Australian sculptor, artist (1928–2013)

Marea Gazzard (2 June 1928 – 28 October 2013) was an Australian sculptor and ceramicist.

==Life and work==
Born Marea Medis in Sydney, Australia, Gazzard studied ceramics at the East Sydney Technical College, now the National Art School, from 1953 to 1955. After travelling to Europe, Gazzard enrolled at the Central Saint Martins College of Art and Design, London where she studied from 1955 to 1959. During this period she became close to ceramicists Lucie Rie and Hans Coper. Returning to Sydney, Gazzard studied sculpture at the National Art School, with Lyndon Dadswell.
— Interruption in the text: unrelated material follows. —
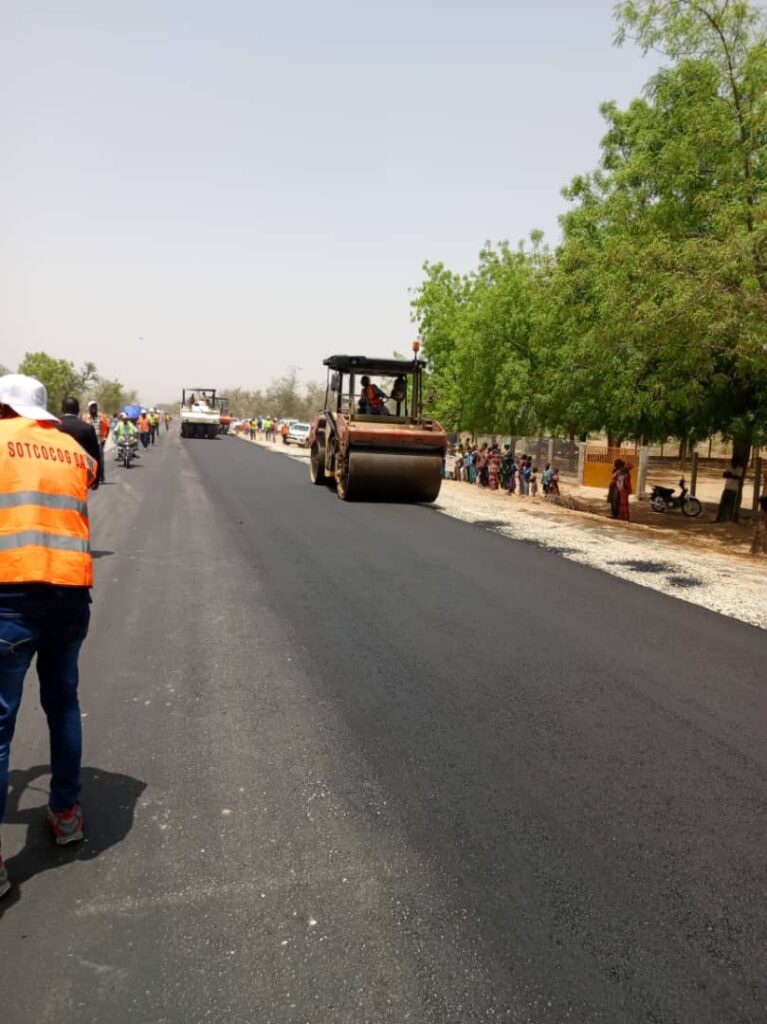 Le Premier ministre camerounais a évalué l’état d’avancement des chantiers routiers de l’Extrême-Nord mardi 29 avril 2025.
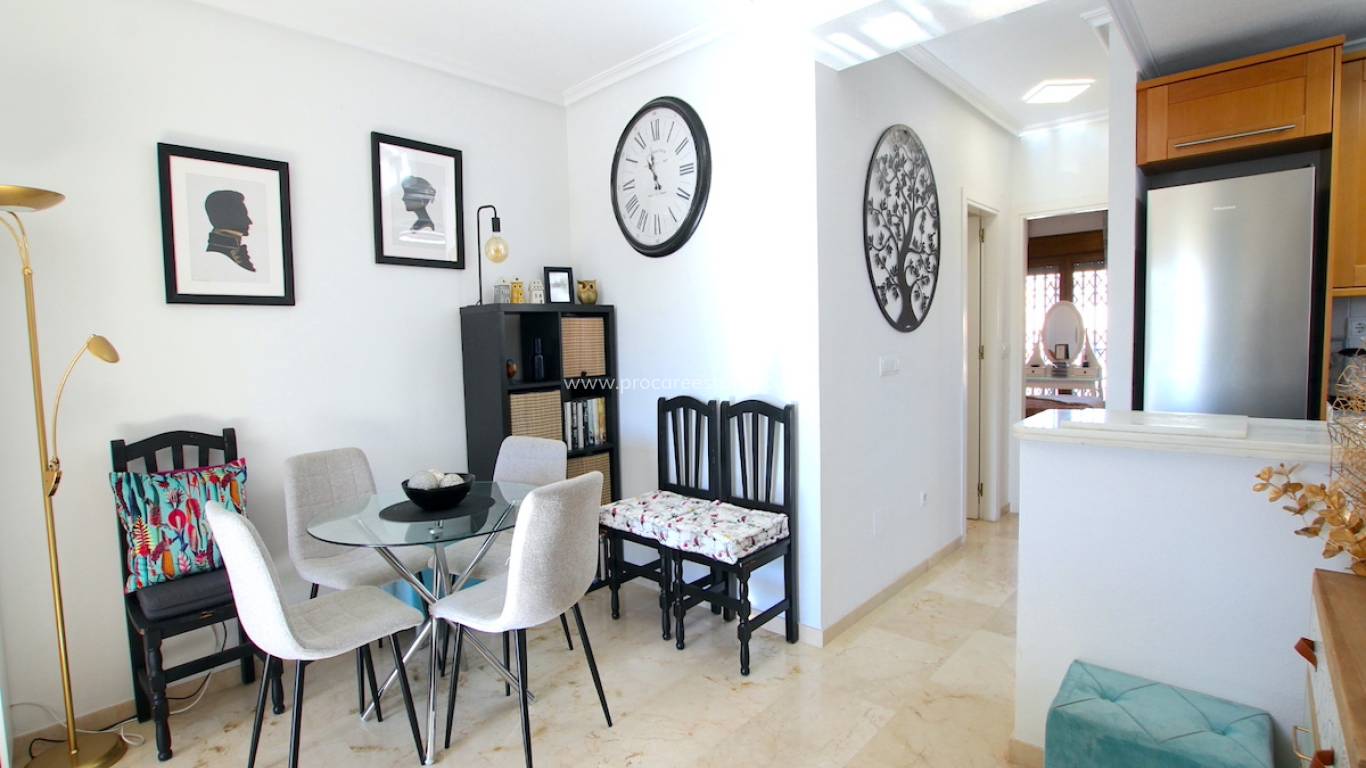 Resale - Apartment - Orihuela Costa - Villamartin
In 1960, she opened a studio in Paddington, New South Wales, and in 1963 staged her first solo exhibition.

Gazzard had a significant exhibiting career, with some notable highlights. In 1973, Gazzard was invited to exhibit at the National Gallery of Victoria in the landmark exhibition 'Clay and Fibre' with Mona Hessing. In 1994, a survey of Gazzard's work was staged at the S. H. Ervin Gallery, Sydney, accompanied by the launch of a monograph by Christine France.

Major public commissions include 'Mingarri: The Little Olgas", which was installed in the Executive Court of Parliament House, Canberra in 1988. In addition, 'Bindu' (2004) was commissioned by the Athens Olympic Art Program for the Olympic Games in Greece.

Gazzard's work features in several museum collections, including the Art Gallery of Western Australia, National Gallery of Victoria, National Gallery of Australia, Newcastle Art Gallery. Her portrait by Judy Cassab is in the National Portrait Gallery, Australia.

In addition to her career as an artist, Gazzard was pivotal in the international Arts and Crafts movement, and, amongst other public positions, in 1980 she became the first elected president of the World Crafts Council.